__EXERCISE DIRECTIONS__:
It is required that the lines from the top of the listing through the line with "Poster detail of" be reproduced exactly, excluding pictures.

__DATA PROVIDED__:
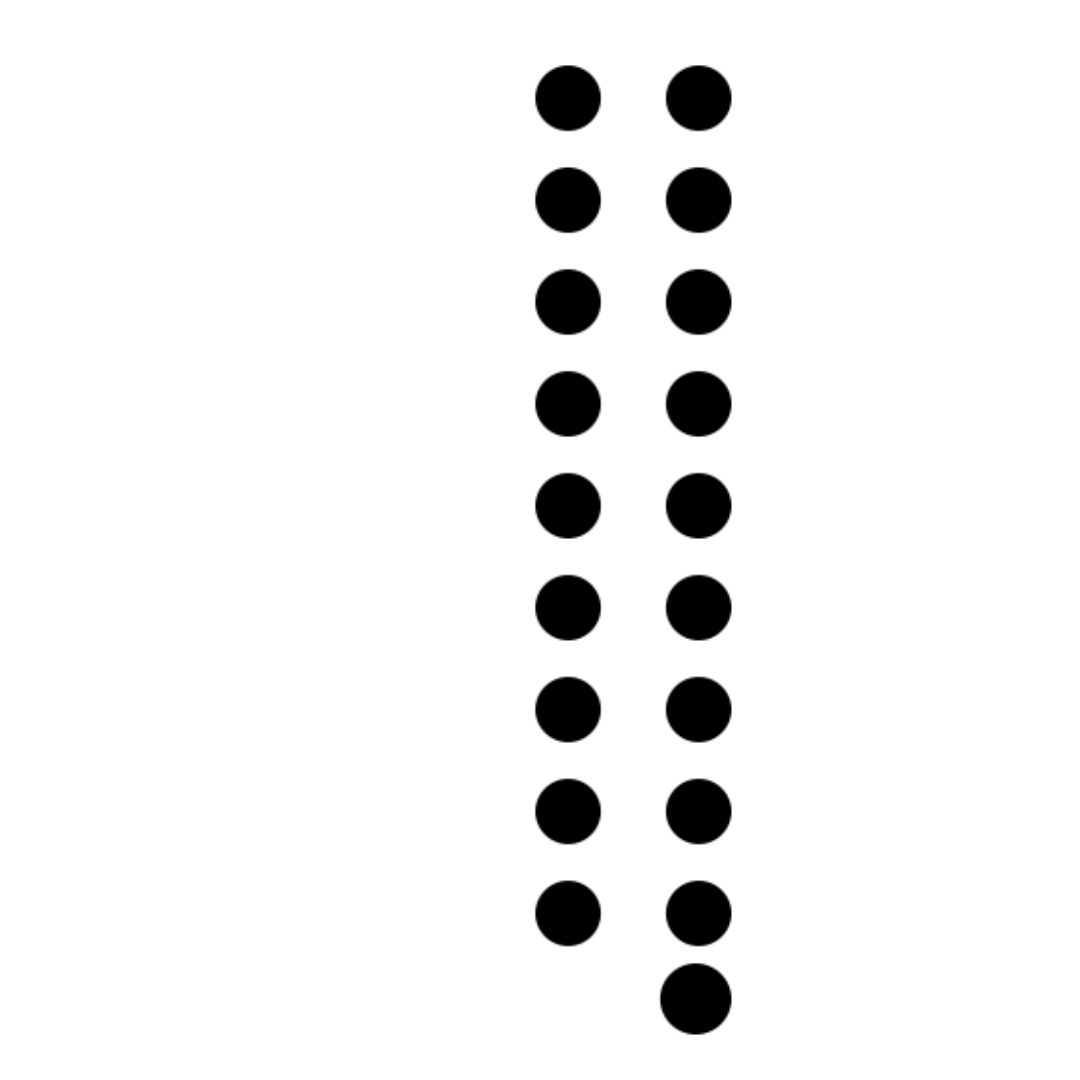 In this project, I kind of don't know what I need to do or what kind of data I could use, so I heavily relied on designer Giorgia Lupi's Personal Data survey. By following the instructions, I added as many dots as my current age.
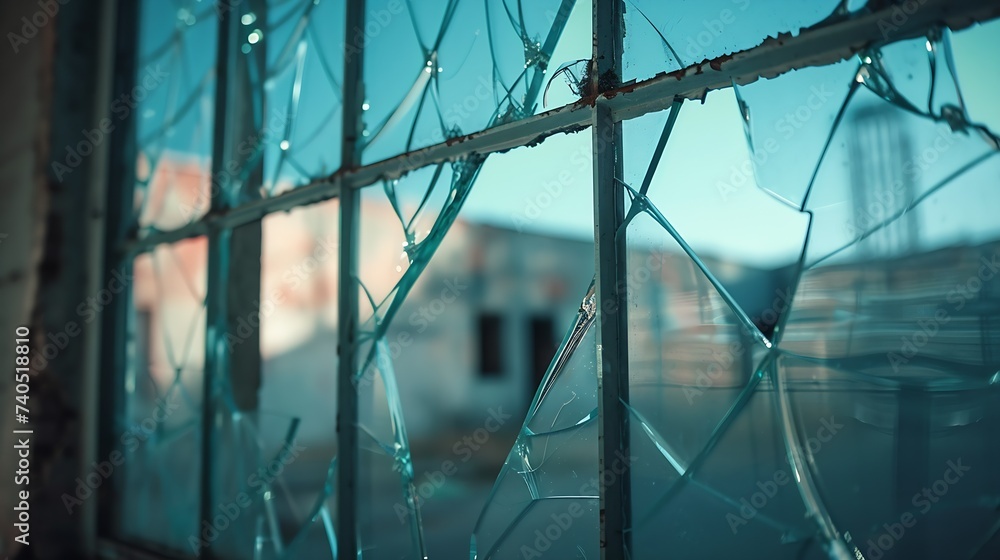 Poster detail of broken window looking outside of an empty industrial building : generative ai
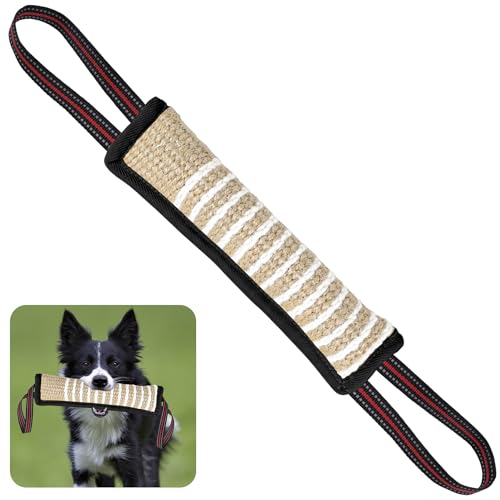 ToLanbbt Hundespielzeug Biss Jute Kissen Ziehspielzeug mit 2 starken Griffen, perfekt für Tauziehen, Welpen interaktives Spielen, reißfestes Beißtraining für kleine, mittelgroße und große Hunde ToLanbbt Hundespielzeug Biss Jute Kissen Ziehspielzeug mit 2 starken Griffen, perfekt für Tauziehen, Welpen interaktives Spielen, reißfestes Beißtraining für kleine, mittelgroße und große Hunde von ToLanbbt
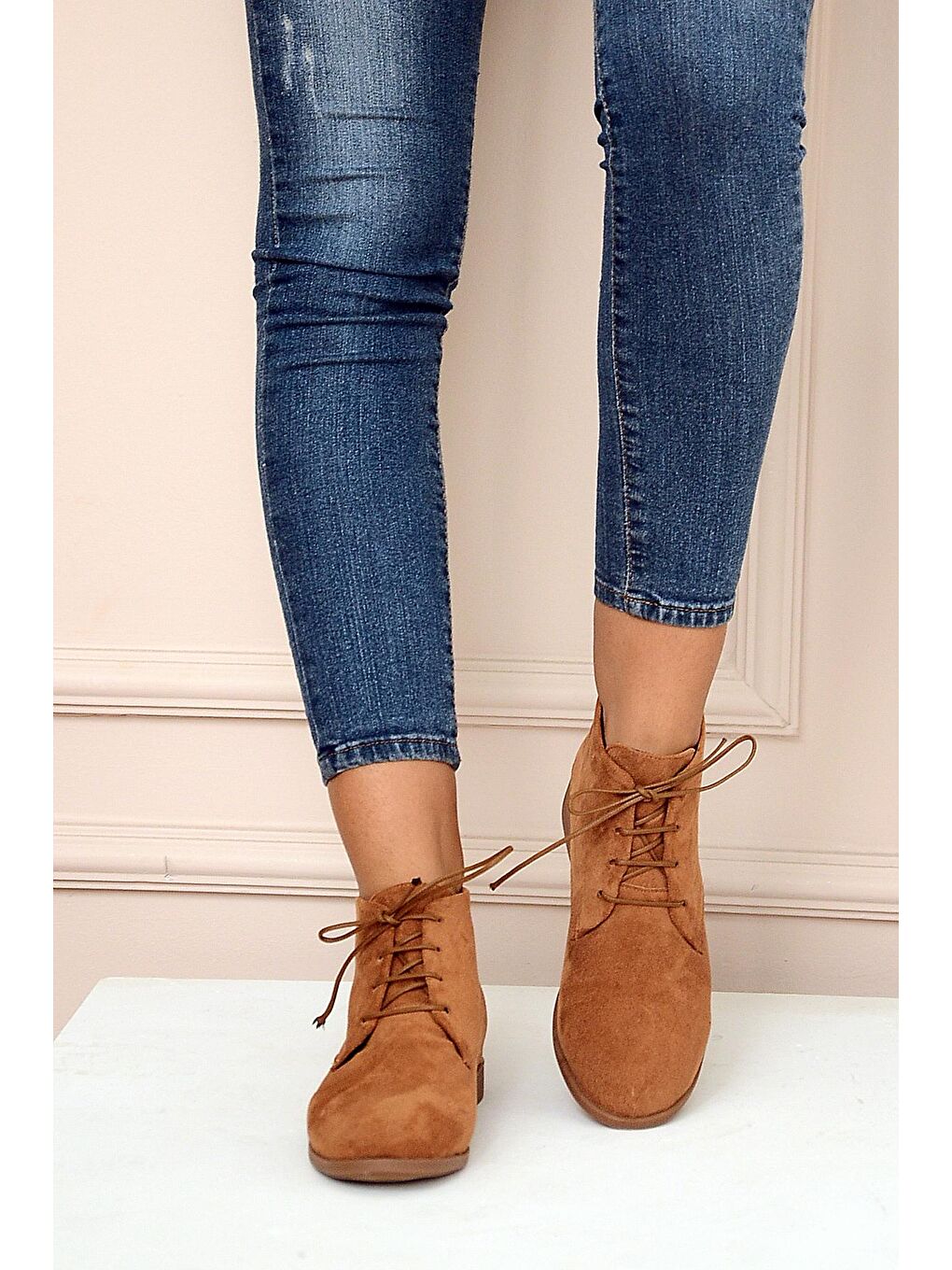 Kahverengi Rahat Kalıp Bağcıklı Kadın Bot&Bootie 020-4070-22Süet-3
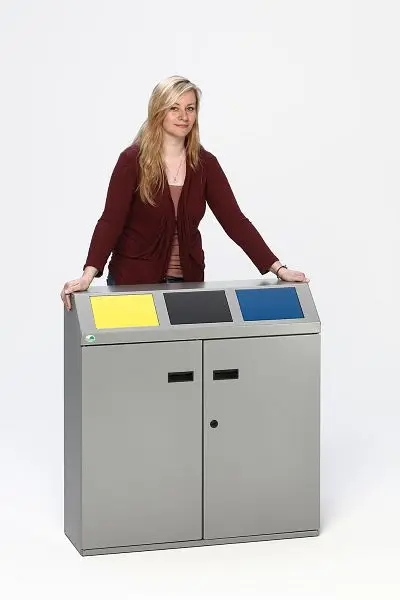 VAR Wertstoffsortiersystem 150 Liter 3-Fach silber 21160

__RESPONSE TO THE EXERCISE__:
 In this project, I kind of don't know what I need to do or what kind of data I could use, so I heavily relied on designer Giorgia Lupi's Personal Data survey. By following the instructions, I added as many dots as my current age.
 Poster detail of broken window looking outside of an empty industrial building : generative ai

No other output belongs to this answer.